Return, without pictures, the lines from the start of the data through the one that contains "Persepolis' Georgian defender".

***** Collected material

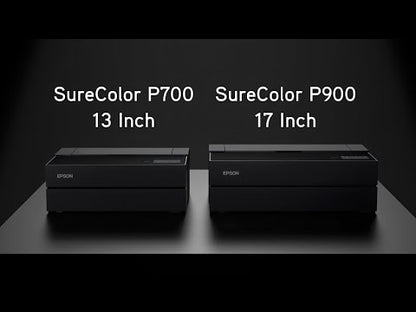 Two Epson desktop photo printers side-by-side on a dark surface: the SureColor P700 (13 Inch) on the left and the SureColor P900 (17 Inch) on the right, shown against a dark, minimalist background.
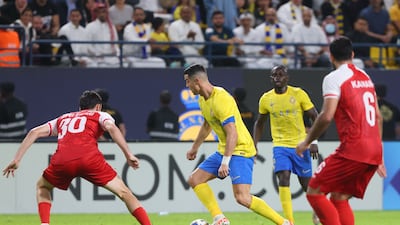 Persepolis' Georgian defender Giorgi Gvelesiani marks Nassr's Portuguese forward Cristiano Ronaldo. AFP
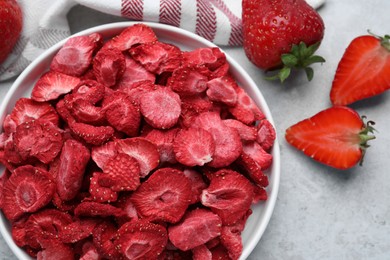 Photo of Freeze dried and fresh strawberries on light grey table, flat lay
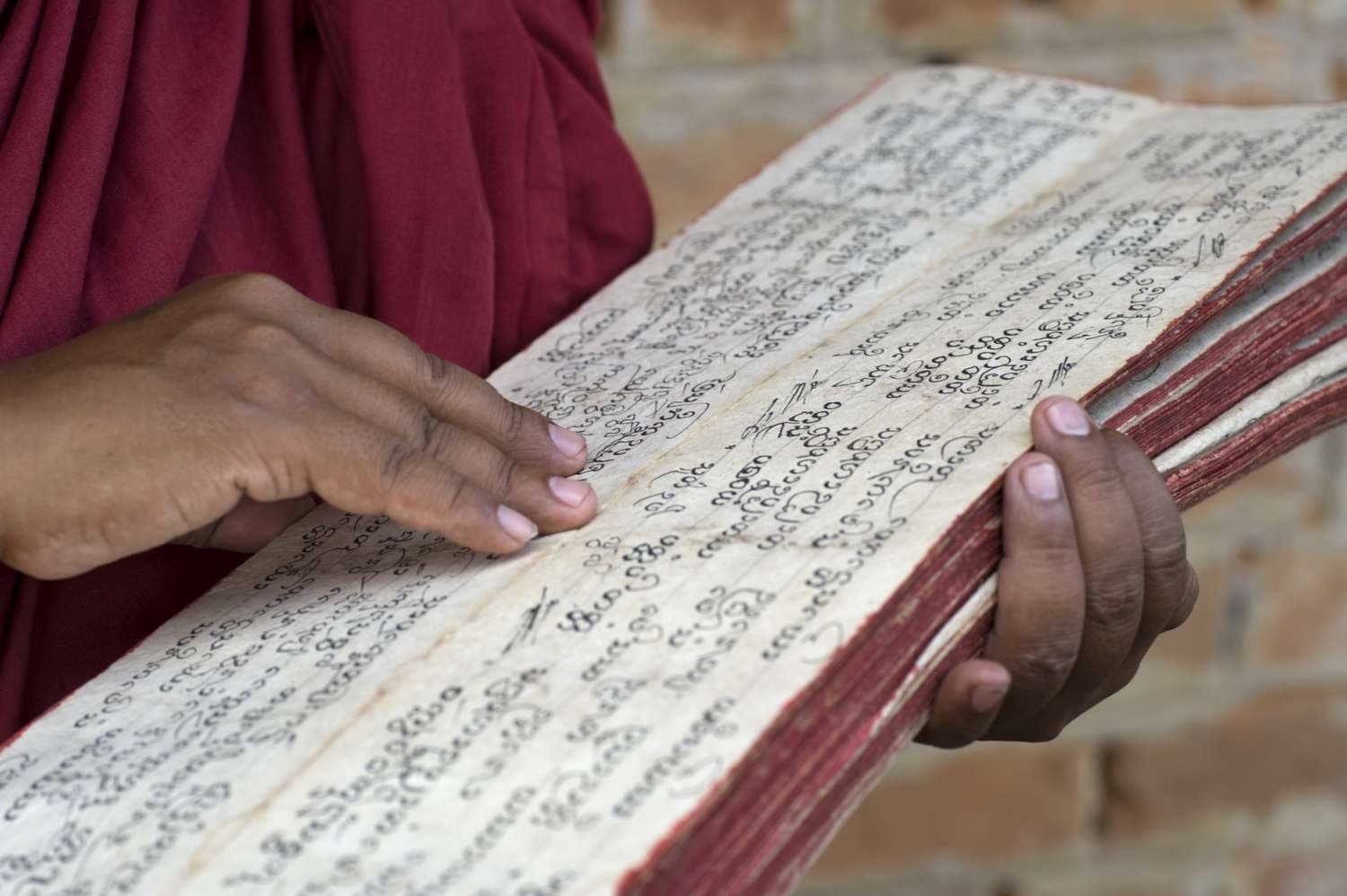A close view of a Buddhist manuscript held in warm light.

**********

Expected answer
 Two Epson desktop photo printers side-by-side on a dark surface: the SureColor P700 (13 Inch) on the left and the SureColor P900 (17 Inch) on the right, shown against a dark, minimalist background.
 Persepolis' Georgian defender Giorgi Gvelesiani marks Nassr's Portuguese forward Cristiano Ronaldo. AFP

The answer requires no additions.